プラスチックごみは、海水に長期間さらされると、塩分や不純物を多く含むようになります。こうなったプラスチックは通常の処理施設でのリサイクルが難しく、やむを得ず焼却処理に回されることが少なくありません

また、プラスチックは塩分や塩素を含むため、燃焼時にダイオキシンなどの有害ガスを発生させたり、焼却炉の寿命を著しく縮めたりするリスクがあります。そのため、高度な処理設備を持つ一部の施設でしか対応できず、コストや処理能力に限界があります。

物理的な回収の困難さ

海洋に流出したプラスチックごみは、紫外線や波の影響で劣化・細分化され、マイクロプラスチックとなって広範囲に拡散します。特に、5mm以下のマイクロプラスチックは肉眼での識別が難しく、海中からの回収は極めて困難です。

さらに、広い海域に点在するごみを集めるには膨大な労力とコストがかかります。そのため、現実的な回収率は極めて低いです。
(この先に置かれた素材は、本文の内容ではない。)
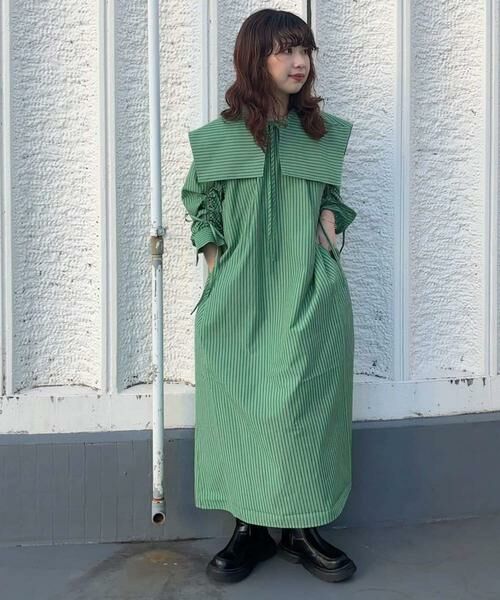 KBF / ケービーエフ ワンピース | スクエアカラーSETストライプワンピース | 詳細6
だからこそ、初めからごみを出さない取り組みが、より重要とされています。

従来処理の限界と環境負荷

通常、プラスチックごみを処理する際は、以下の3種類の方法を用いることで、環境への負荷を減らすことが可能です。

  • ・マテリアルリサイクル:原料として再び製品化する

  • ・ケミカルリサイクル:化学工業原料などに分解・再利用する

  • ・サーマルリサイクル:熱エネルギーとして利用する

しかし、前述の通り、海水の塩分にさらされた海洋プラスチックは、これらの方法でのリサイクルが困難です。海洋プラスチックを再資源化するには、塩分除去や異物選別といった前処理技術の開発と、対応体制の整備が欠かせません

社会全体で取り組むべき課題と企業の役割

海洋プラスチック問題は、一企業や自治体だけでは解決できない、複雑かつ広範な環境課題です。そのため、流出を防ぐ仕組みづくりと、企業による主体的な取り組みを軸に、多様な関係者との連携が欠かせません。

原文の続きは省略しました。